What is the fastest way to detect if a vector has at least 1 NA
in R? I've been using:
sum( is.na( data ) ) > 0
But that requires examining each element, coercion, and the sum function.
Solution 1:
I'm thinking:
any(is.na(data))
should be slightly faster.
Solution 2:
As of R 3.1.0 anyNA()
is the way to do this. On atomic vectors this will stop after the first NA instead of going through the entire vector as would be the case with any(is.na())

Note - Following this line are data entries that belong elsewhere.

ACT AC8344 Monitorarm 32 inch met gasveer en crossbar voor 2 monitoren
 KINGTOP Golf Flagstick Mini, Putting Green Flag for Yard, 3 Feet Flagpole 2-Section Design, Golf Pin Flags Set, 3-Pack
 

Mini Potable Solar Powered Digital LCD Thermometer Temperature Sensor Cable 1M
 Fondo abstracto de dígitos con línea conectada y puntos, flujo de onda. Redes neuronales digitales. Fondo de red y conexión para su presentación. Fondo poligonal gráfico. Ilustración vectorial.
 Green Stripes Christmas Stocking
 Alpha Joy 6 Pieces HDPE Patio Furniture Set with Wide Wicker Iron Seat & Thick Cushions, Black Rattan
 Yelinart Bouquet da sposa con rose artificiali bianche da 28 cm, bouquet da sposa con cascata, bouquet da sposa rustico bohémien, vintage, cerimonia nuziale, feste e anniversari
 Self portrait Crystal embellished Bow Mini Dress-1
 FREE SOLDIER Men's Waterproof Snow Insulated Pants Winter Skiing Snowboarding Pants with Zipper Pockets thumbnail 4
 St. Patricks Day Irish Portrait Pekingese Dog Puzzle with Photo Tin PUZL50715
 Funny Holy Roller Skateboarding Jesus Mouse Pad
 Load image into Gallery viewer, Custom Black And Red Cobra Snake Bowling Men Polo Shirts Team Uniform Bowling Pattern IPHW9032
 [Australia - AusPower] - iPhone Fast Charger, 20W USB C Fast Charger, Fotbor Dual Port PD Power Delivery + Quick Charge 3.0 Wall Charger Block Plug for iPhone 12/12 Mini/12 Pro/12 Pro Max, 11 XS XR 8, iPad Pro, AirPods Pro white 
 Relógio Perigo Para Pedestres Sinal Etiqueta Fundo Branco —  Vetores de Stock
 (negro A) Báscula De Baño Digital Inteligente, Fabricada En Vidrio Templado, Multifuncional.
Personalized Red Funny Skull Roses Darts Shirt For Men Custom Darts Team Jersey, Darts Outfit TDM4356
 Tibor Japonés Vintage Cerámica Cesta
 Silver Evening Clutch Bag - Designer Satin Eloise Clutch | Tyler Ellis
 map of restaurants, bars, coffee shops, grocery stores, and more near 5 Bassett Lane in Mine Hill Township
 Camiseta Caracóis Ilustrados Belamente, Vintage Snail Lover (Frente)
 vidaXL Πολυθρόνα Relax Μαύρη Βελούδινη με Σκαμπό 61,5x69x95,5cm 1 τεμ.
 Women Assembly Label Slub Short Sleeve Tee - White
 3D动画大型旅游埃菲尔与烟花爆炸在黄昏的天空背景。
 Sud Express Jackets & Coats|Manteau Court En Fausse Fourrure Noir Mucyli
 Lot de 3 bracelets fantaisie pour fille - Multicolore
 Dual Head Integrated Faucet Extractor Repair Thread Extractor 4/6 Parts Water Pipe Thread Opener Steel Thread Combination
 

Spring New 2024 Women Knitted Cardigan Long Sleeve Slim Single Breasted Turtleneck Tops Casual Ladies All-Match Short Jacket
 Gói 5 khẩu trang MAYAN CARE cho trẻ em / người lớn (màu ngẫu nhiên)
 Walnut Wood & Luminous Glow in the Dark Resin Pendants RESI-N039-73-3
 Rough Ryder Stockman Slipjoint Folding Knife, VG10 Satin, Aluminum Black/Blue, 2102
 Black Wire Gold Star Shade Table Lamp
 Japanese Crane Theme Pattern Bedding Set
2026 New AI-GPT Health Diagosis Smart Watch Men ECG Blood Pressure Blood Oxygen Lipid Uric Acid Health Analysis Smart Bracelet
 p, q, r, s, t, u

. Additionally, this avoids creating an intermediate logical vector with is.na
that is immediately discarded. Borrowing Joran's example:
x <- y <- runif(1e7)
x[1e4] <- NA
y[1e7] <- NA
microbenchmark::microbenchmark(any(is.na(x)), anyNA(x), any(is.na(y)), anyNA(y), times=10)
# Unit: microseconds
# expr min lq mean median uq
# any(is.na(x)) 13444.674 13509.454 21191.9025 13639.3065 13917.592
# anyNA(x) 6.840 13.187 13.5283 14.1705 14.774
# any(is.na(y)) 165030.942 168258.159 178954.6499 169966.1440 197591.168
# anyNA(y) 7193.784 7285.107 7694.1785 7497.9265 7865.064
Notice how it is substantially faster even when we modify the last value of the vector; this is in part because of the avoidance of the intermediate logical vector.
Solution 3:
We mention this in some of our Rcpp presentations and actually have some benchmarks which show a pretty large gain from embedded C++ with Rcpp over the R solution because
a vectorised R solution still computes every single element of the vector expression
if your goal is to just satisfy
any()
, then you can abort after the first match -- which is what our Rcpp sugar (in essence: some C++ template magic to make C++ expressions look more like R expressions, see this vignette for more) solution does.
So by getting a compiled specialised solution to work, we do indeed get a fast solution. I should add that while I have not compared this to the solutions offered in this SO question here, I am reasonably confident about the performance.
Edit And the Rcpp package contains examples in the directory sugarPerformance
. It has an increase of the several thousand of the 'sugar-can-abort-soon' over 'R-computes-full-vector-expression' for any()
, but I should add that that case does not involve is.na()
but a simple boolean expression.